[Work order]
Lift out all lines below that contain "Full".

***** Source data

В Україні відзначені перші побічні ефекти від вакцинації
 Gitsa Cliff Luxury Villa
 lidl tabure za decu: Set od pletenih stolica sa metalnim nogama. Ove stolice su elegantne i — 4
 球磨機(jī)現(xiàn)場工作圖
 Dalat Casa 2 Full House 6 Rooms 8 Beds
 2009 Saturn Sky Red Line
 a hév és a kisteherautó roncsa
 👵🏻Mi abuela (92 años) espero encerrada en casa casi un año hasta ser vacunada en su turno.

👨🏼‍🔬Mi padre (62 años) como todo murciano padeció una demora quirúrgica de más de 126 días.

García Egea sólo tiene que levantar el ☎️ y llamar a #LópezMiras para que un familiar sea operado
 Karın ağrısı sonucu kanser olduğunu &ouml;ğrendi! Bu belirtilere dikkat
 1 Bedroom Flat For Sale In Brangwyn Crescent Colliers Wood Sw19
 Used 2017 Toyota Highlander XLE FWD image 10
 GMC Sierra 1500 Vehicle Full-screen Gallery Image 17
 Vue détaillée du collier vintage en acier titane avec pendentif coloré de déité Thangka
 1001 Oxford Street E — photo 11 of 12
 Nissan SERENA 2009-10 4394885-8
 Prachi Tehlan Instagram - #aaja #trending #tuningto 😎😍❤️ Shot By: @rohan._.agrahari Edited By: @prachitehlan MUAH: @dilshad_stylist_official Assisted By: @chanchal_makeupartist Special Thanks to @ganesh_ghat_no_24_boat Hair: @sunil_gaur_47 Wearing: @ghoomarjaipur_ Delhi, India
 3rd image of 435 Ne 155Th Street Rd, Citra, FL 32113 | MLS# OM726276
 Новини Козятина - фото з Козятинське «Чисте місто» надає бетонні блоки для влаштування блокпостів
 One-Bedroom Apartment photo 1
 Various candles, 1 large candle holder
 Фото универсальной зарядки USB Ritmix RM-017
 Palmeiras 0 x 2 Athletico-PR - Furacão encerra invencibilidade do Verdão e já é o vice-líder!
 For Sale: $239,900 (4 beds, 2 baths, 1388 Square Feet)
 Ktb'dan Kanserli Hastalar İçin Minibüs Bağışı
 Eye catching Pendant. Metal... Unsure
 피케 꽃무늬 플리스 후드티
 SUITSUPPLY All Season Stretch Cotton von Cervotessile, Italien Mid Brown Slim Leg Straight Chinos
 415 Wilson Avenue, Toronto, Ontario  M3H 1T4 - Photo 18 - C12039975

**********

[Answer]
 Dalat Casa 2 Full House 6 Rooms 8 Beds
 GMC Sierra 1500 Vehicle Full-screen Gallery Image 17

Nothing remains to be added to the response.